I'm a Data Science MS candidate at Harvard (graduating May 2026) with experience in machine learning and data analytics across fintech and geospatial domains. I'm targeting data science roles in Singapore from July 2026.
Recently, I interned at GoTo Financial (GoPay) in Jakarta, where I built features for QRIS scam detection at 3M+ transactions per day and contributed to a 58.6% reduction in blocked transactions while sustaining detection performance.
Previously, I spent three years at Caliper Corporation, developing geospatial data pipelines and conducting spatial analyses for Fortune 500 clients including Amazon, Optum, and Assa Abloy.
★ Featured
Developed a large-scale feature set for QRIS transaction scam detection (3M+ transactions/day) at GoTo Financial (GoPay), integrating transactional, behavioral, geographic, and identity verification signals in Python and SQL (Alibaba MaxCompute).
Applied multi-method feature selection (variance threshold, LASSO, random forest, XGBoost) to identify a high-signal feature subset, then extended the production XGBoost model via incremental learning to incorporate new features while retaining prior model knowledge.
Conducted precision-recall tradeoff analysis across model configurations and presented threshold recommendations to the business team, contributing to a 58.6% reduction in blocked transactions while sustaining scam detection performance.

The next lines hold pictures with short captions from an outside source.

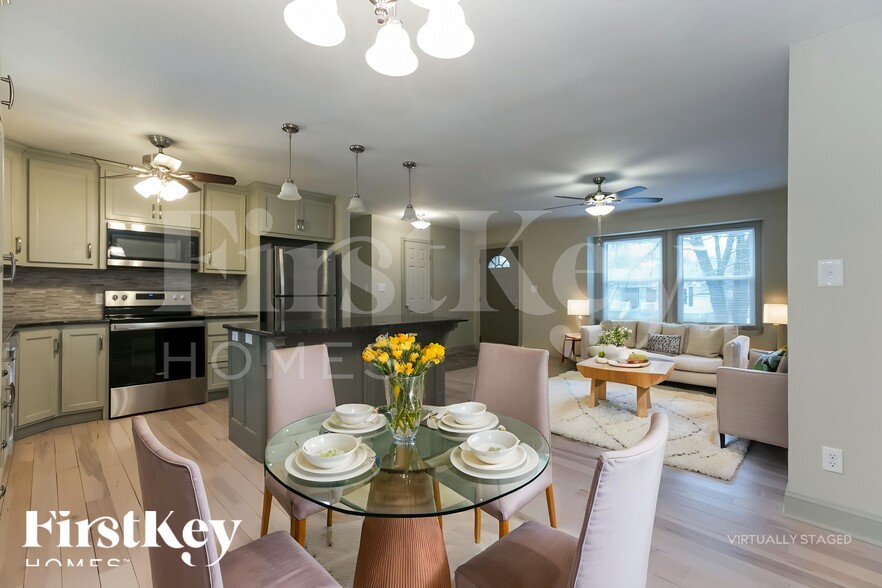 Building Photo - 16512 Greenwald Dr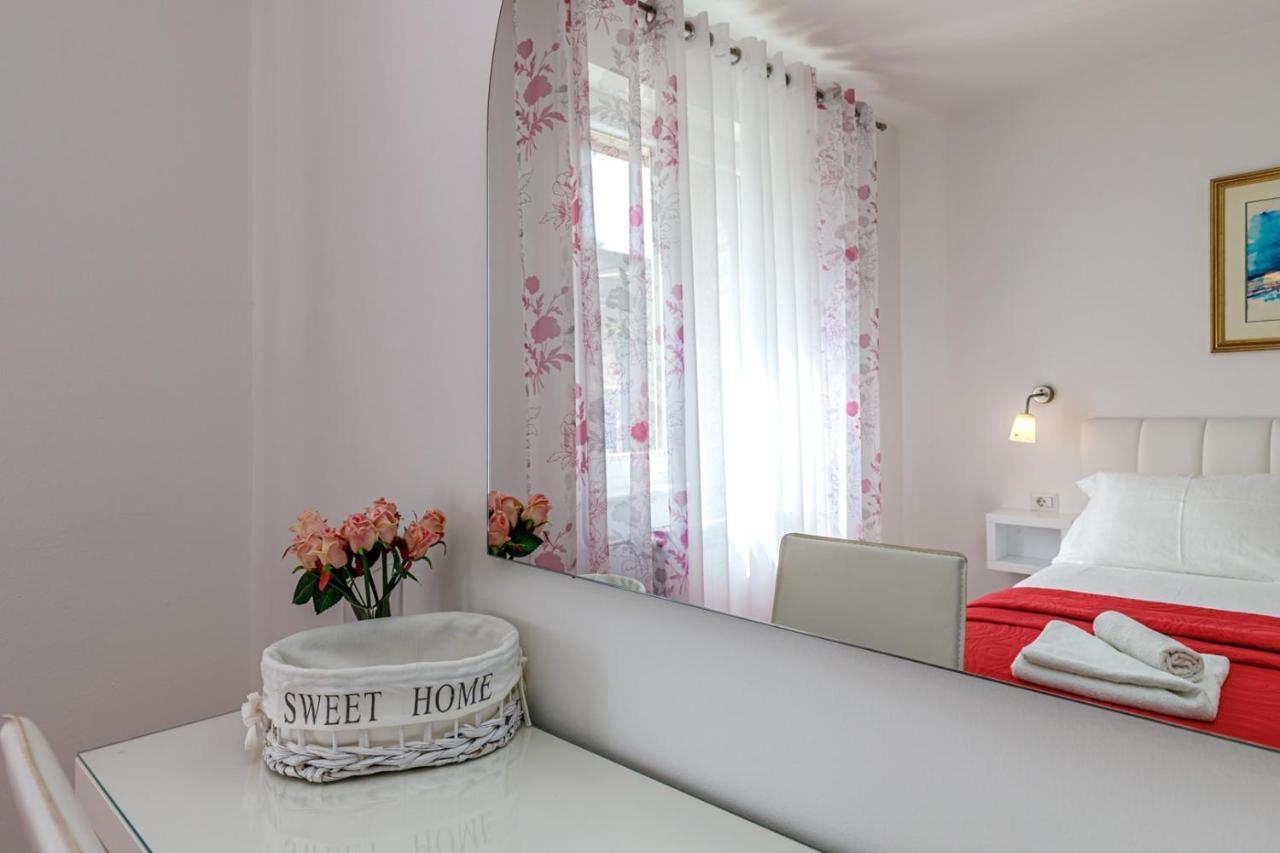Apartments Lavizatic โปเรช ภายนอก รูปภาพ
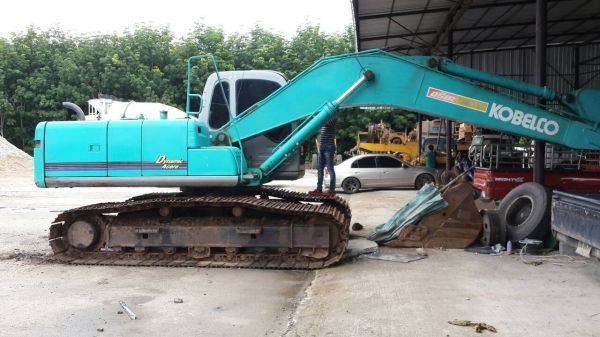 ขาย Kobelco SK200 MARK6 YN10 ราคา 1,750,000 บาท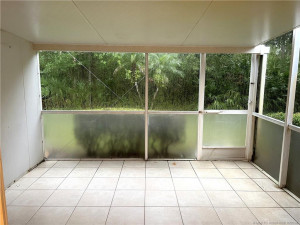 Screened covered Patio 10' x 13' with preserve view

Established the company's first data governance framework for land parcel data by partnering with mapping and legal division heads, building an automated health report that reduced missing data from ~80% to ~10% across a ~20,000-record database. Presented a data maturity assessment and infrastructure recommendations to company directors as part of a digital transformation initiative.
Designed CHESTER, a hierarchical TensorFlow neural network combining a feedforward State Model and Bidirectional LSTM to classify space objects as payloads, rocket bodies, or debris. Trained on Space-Track.org orbital elements using SMOTE and a staged freeze-and-fine-tune procedure, achieving 93.66% test accuracy across 3 object categories.
Built an interactive Streamlit visualization tool combining wearable biometric signals with user-annotated stress events, using Pandas for data cleaning and Altair for interactive time-series visualizations to help users identify personal stress patterns.
End-to-end ML pipeline on 2022 MA voter data: Census block-group demographics via GeoPandas, LASSO feature selection (38 to 13 predictors), tuned random forest regressor (R² = 0.86 on test set), and SHAP analysis identifying income, language, ethnicity, and age as key drivers. Deployed as an interactive D3.js data product with choropleth maps and county-level turnout prediction.
Modeled climate change impacts on hurricane intensity using CMIP6 data integrated via intake-esm, applying GEV distribution fitting and Kolmogorov-Smirnov scoring across climate scenarios. Developed the tc_potential and tc_extremes Python library modules with Dask for large-scale parallel climate data processing.
Processed a 16M+ record, 99-field FFIEC HMDA mortgage loan dataset, aggregating loan-level data to Census tract geographies and integrating multi-source CRA compliance layers to produce analysis-ready geospatial datasets for a commercial banking analytics product.
Joined location and demographic datasets across ~40 Albertsons and Kroger subsidiary brands to analyze merger impact, running radius and drive-time analyses to estimate that 56% of the US mainland population lives within 5 miles of a combined store location, profiling geodemographic overlap across major US cities.
Econometric study using 21 years of panel data from the Indonesian Family Life Survey (IFLS, 22,000 individuals), applying instrumental variable regression using region-level migration rates to estimate the long-term causal impact of parental migration on child income.